Is there any advice you would give to your peers or aspiring collegiate student-athletes that you believe would help them benefit more from their collegiate experience?

  • McLean: “Make sure that you take in all the important moments and try as hard as you can with the things you choose to be a part of.”

  • Richard: “If I could give any advice, I would tell fellow peers or future college athletes to take advantage of all of the opportunities that NEC or whichever college you pick gives you. Whether it’s joining a club or taking an international trip, these opportunities are what will help you get the most out of your experience.”

Beyond your sport, what are you most passionate about?

  • McLean: “I am passionate about helping people in the community, whether it’s at youth basketball practices or helping with Special Olympics events.”

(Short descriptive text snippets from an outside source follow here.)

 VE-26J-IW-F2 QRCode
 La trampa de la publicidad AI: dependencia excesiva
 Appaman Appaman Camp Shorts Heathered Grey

  • Richard: “Besides lacrosse I am passionate about being a part of the school in more ways than just competing as an athlete. I like to show support to other athletes at their games and also go to as many events as possible that the school is holding. These events are a great way to enhance your college experience and also meet new people.”

What are your plans after graduation?

  • McLean: “I want to find a job in logistics and/or the supply chain and get a dog."

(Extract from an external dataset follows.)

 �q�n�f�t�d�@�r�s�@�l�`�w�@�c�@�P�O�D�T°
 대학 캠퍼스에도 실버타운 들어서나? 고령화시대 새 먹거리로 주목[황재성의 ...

  • Richard: “After graduation I hope to further my education by becoming a graduate assistant at another college. This will help me with my future career goals in business or accounting and also let me stay in touch with lacrosse.”

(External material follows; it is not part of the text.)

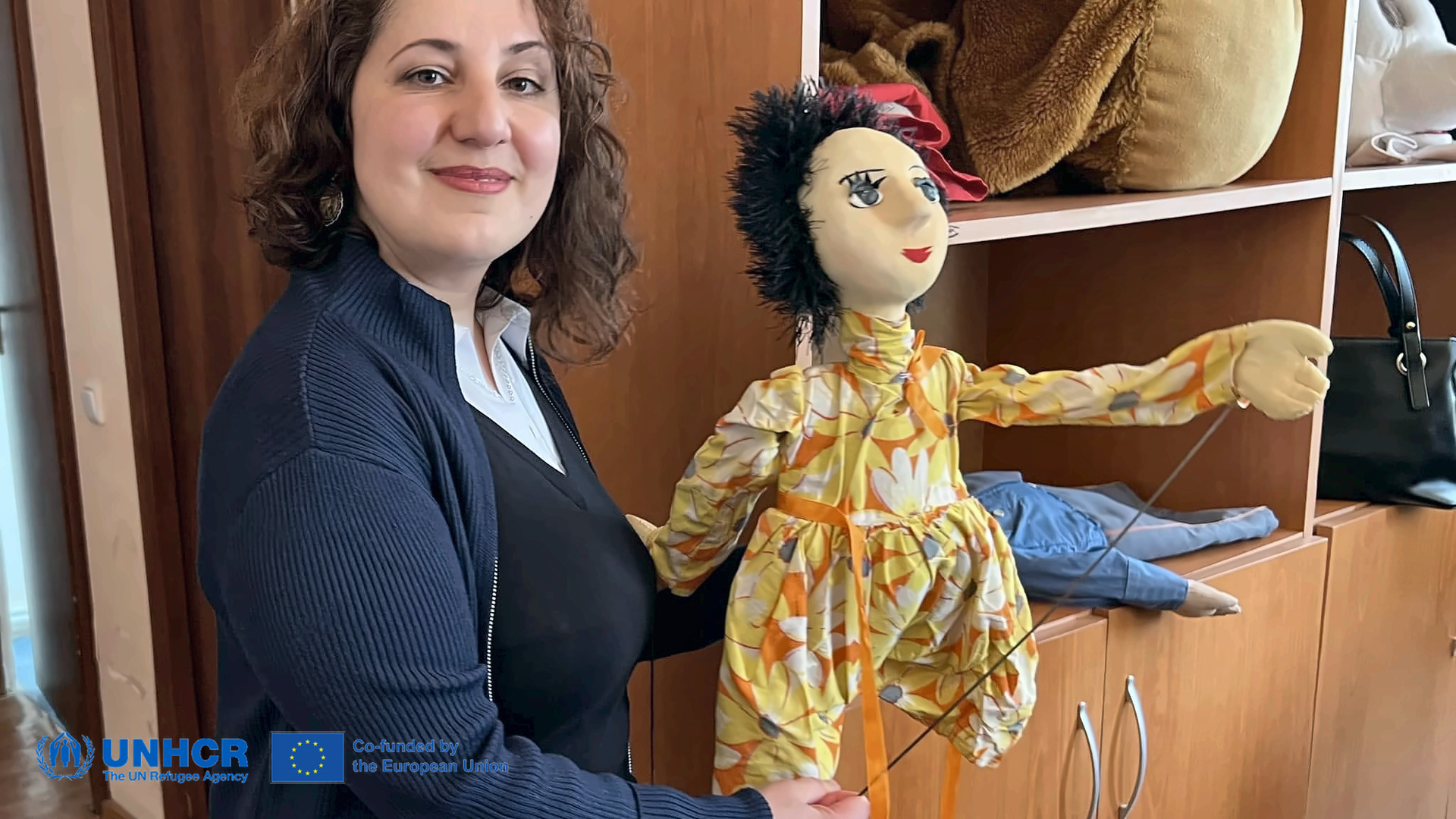 story2_05_psychosocial_support_ijevan_jun2024.jpg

More information on Division III Week:

For resources regarding NCAA Division III Week click HERE.

Any institutions that are celebrating DIII Week should submit their activities to the NCAA by clicking HERE.

Division III Week is a positive opportunity for all individuals associated with Division III to observe and celebrate the impact of athletics and of student-athletes on the campus and surrounding community. During the week, every Division III school and conference office is encouraged to conduct a type of outreach activity that falls into one of three categories: academic accomplishment; athletic experience; or leadership/community service/campus involvement.

During NCAA Division III Week, every member institution and conference is encouraged to schedule at least one activity, which celebrates an aspect of the Division III student-athlete experience, from these three categories:

  • Academic accomplishment, including activities such as taking time during a game to acknowledge student-athlete academic achievement, or asking teams to select a faculty member to serve as a guest coach for a practice or competition.
  • Athletics activity, including conducting events such as a youth sports clinic or competition, or scheduling recognition of school teams’ or individuals’ athletics accomplishments during a game.
  • Community or campus outreach, such as scheduling a community-service activity during the week, or participating in an event involving a local chapter of Special Olympics as part of Division III’s partnership with that organization.